In a Jan. 30 interview, Lankford acknowledged the difficulty of arriving at a consensus on the definition of value-based payment. For Congress, the aim is to ensure drugmakers receive compensation based on the accomplishments of their product and cost-savings potential, but the Oklahoma senator noted that these are “relative, subjective decisions.”
“It’s hard for me to be able to say if the value-based pricing is working yet, because it’s too early,” Lankford said. None of the contracts in Oklahoma have reached their point of evaluation, and the state doesn’t expect to complete its analysis before January 2020. If the data reveals no meaningful cost-savings, the state will consider terminating its contracts, Nesser said.
In a PwC survey of pharmaceutical executives released September 2017, only a quarter reported being involved in value-based contracts.
“Most executives are not seeing how the risk outweighs the reward, and it’s very hard to agree on the data you’re measuring for the outcomes,” Isgur said. “It goes back to what providers have told us: There are so many externalities. Did they take the drug; did they take it correctly; are there other lifestyle factors that should be involved?”
In Oklahoma, the state is confronted with this reluctance firsthand, as drugmakers often decline to work with OHCA because their products are already subject to Medicaid rebates, and outcomes-based contracts are risky, Nesser said.
“If their drug doesn’t perform like they say it does, they’re going to have to pay us back, and that’s eventually going to get well-known across the country — whether their drugs perform or not,” she said.
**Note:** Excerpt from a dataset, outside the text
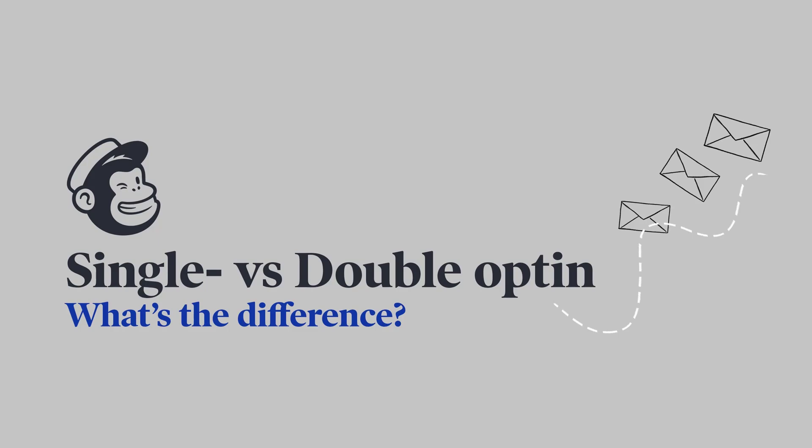Let's begin with a short introduction to the differences between single and double opt-in, which you need to know about when working with email marketing.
Some patient advocates warn of another potential pitfall to the value-based payment strategy: Without a an agreed-upon definition of value-based pricing, drugmakers could define it in a way that allows them to raise prices even more than current levels, said Leigh Purvis, director of health services research in AARP’s Public Policy Institute. If that happens, these arrangements not only fail to get at the root of the pricing problem, but exacerbate the existing dilemma, she said.
If their drug doesn’t perform like they say it does, they’re going to have to pay us back, and that’s eventually going to get well-known across the country -- whether their drugs perform or not.
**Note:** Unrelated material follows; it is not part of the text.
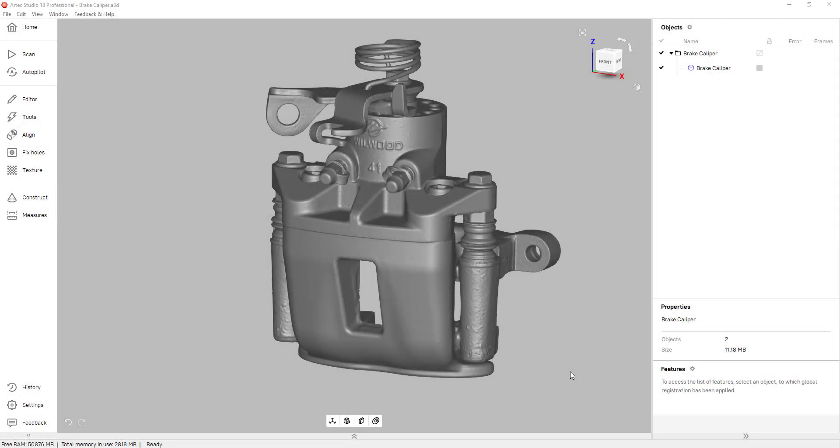Hello everyone, my name is William and I'm an application engineer for GoEngineer. Today I'm going to be talking about the surfacing tools in Artex Studio 18.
Nancy Nesser, Oklahoma Health Care Authority’s pharmacy director
Though value-based payment is a laudable strategy, Purvis said, the current lack of comparative effectiveness research when it comes to drugs hinders the ability to determine value.
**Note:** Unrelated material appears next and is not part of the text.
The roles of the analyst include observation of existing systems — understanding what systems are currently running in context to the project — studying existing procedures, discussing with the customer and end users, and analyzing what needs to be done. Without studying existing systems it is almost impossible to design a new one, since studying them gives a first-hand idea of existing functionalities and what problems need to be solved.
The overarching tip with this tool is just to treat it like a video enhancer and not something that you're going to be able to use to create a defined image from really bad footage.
PhRMA did not respond to requests for comment for this story.
Lankford, too, acknowledged that there is no current strategy in Congress to mitigate the threat of drugmakers taking advantage of the concept to maximize their profits, but the Senate Finance Committee is supportive of trying out value-based arrangements.
Sens. Bill Cassidy (R-La.) and Mark Warner (D-Va.) have introduced draft legislation encouraging states to explore value-based arrangements.
“We’re bringing stakeholders together to hear everyone’s thoughts,” said Ty Bofferding, Cassidy’s press secretary. “For us, value means the patient is better off than they would be otherwise.”
In Oklahoma, Nesser remains skeptical the state will save any money or that the strategy is effective beyond “one-offs,” and she said it is clear that not every state should follow its model. To really help states control drug costs, she said, Congress needs to work on larger solutions — such as price controls.
For now, to rein in costs associated with specialty drugs, the state is weighing applying for another waiver, allowing OHCA to negotiate what Nesser called “milestone contracts.” Under such agreements, the state would make payments to the manufacturer over time as patients meet temporal milestones — hitting a certain number of days without needing another dose.
But even as the state clarifies details with CMS, Oklahoma is in no rush to once again be the first state to experiment with a new value-based payment model.
“We might have let someone else go first,” Nesser said.